The real problem is not the encryption or even the decryption of an encryption scheme with huge values, it is the generation of the key:
For RSA, ElGamal, Paillier, etc. you need one or more large primes, which make up a modulus for your computations. In practice, you can find large primes by using the Miller-Rabin primality test. It has a run time of $O(t \log^3 n)$, and for large numbers it can be improved to $O(t \log^2 n)$ if using FFT-based multiplication. $t$ notes the number of test runs and you have an error rate of $1/4^k$, where the test says prime for a coposite number. While the runtime with multiplication optimazation has the smaller exponent, the Big-O notation does hide constant factors, and I don't know where the break-even is, but let's just assume the current crypto libraries already use the optimzation.
As a reference in this SO answer generating a $2048$ bit RSA key (which is generating two $1024$ bit primes and a tiny amount of its computation time to find $e$ coprime to $\phi(n)$ and calculating $d$) takes around $1$ sec. So $\approx 0.5s$ for a $1024$ bit prime.
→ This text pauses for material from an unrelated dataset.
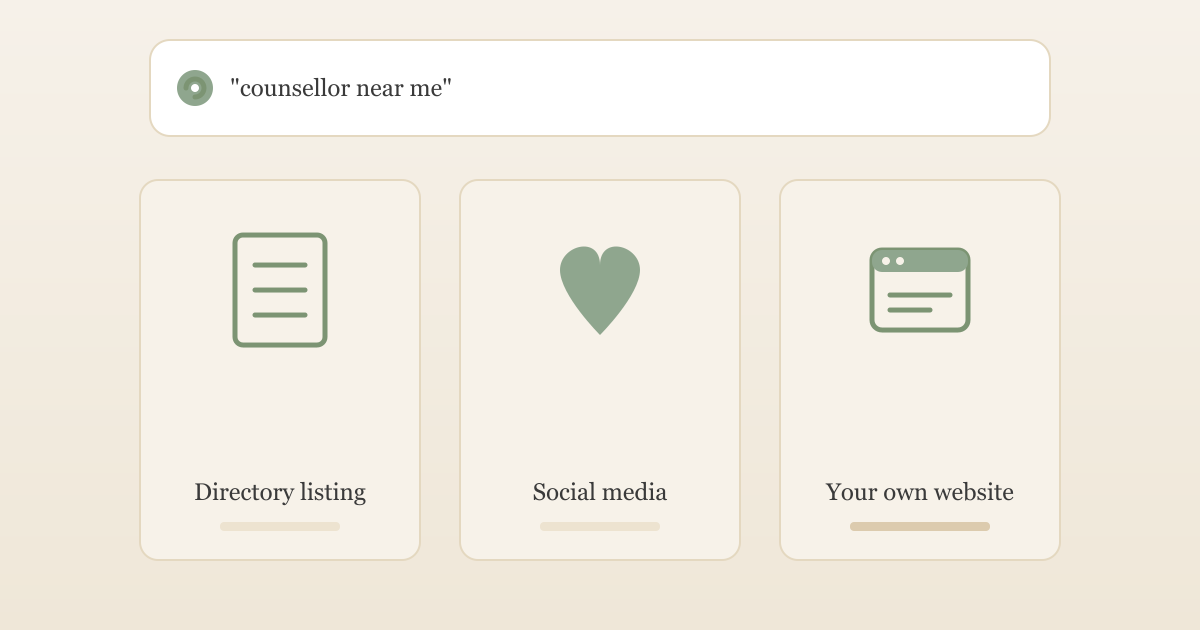 Illustration comparing a directory listing, a social media profile and a therapist's own website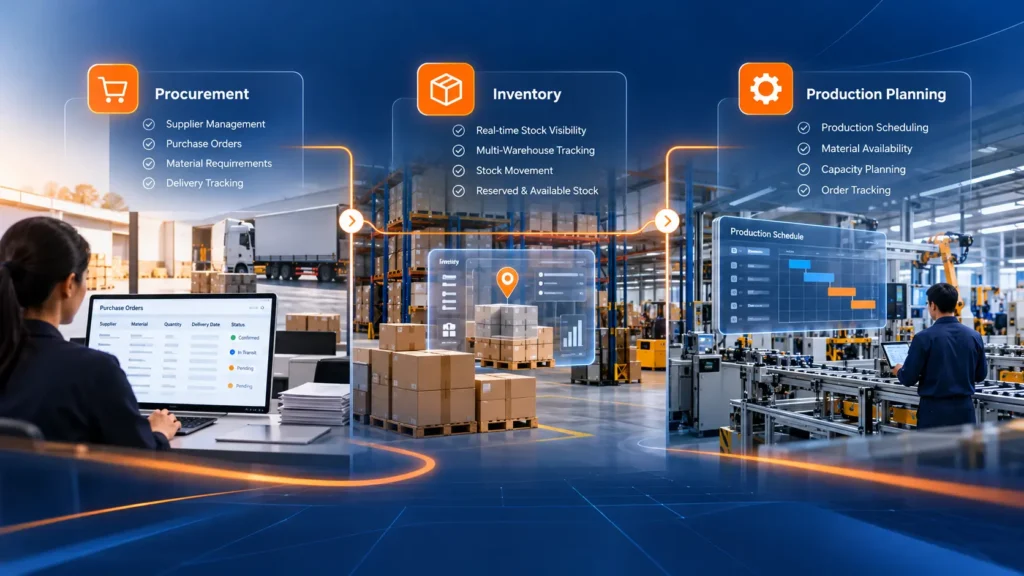 Discover how manufacturing ERP connects procurement, inventory, and production planning to improve supply chain visibility.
If we want to increase the size by a factor $a$, then the Miller-Rabin test takes $a^2$ times longer. However, we also need to test $a$ times as many numbers on average to find an actual prime number. Example: A random $1000$ bit number is prime roughly with probability $1/ln(2^{1000}) = (\log 2)/ 1000$ and we need on average $1000/(\ln 2)$ tests to find a prime, a random $2000$ bit number is prime with probability $(\log 2)/2000$, and on average we need to test $2000/(\ln 2)$ numbers to find a prime. This means, we expect to run the algorithm on $a$ times as many numbers to find a prime.
For example, for a prime with $1 M$ bits for example and an estimate of $0.5$ sec for a $1024$ bit prime, we have a factor of $~976.5$ in size, so the runtime for Miller-Rabin itself is $0.5 \cdot 976.5^2$, and we need to test $976.5$ as many values, resulting in an overall runtime of $\approx 465 M$ seconds, which is around $14.76$ years.
In case you want to use RSA you need two of these primes, so after 30 years you have a RSA modulus with $2,000,000$ bit, which allows you to encrypt $0.25$ MByte of data in one piece. Of course using a large computing center will speed this up, but the real problem is the size, since I guess you didn't have $0.25$ MB of data in mind when you wrote "potentially very large".
Edit:
The encryption and decryption scale much less from the size increase. For RSA, you can still use a small exponent in the encryption, this doesn't have to be much larger than current ones. That means the number of steps in square-and-multiply are roughly the same, just each multiplication and modulo operation takes more time. Decryption then involves a number of length of the modulus, but overall it is still quadratic at worst, and much less than prime generation.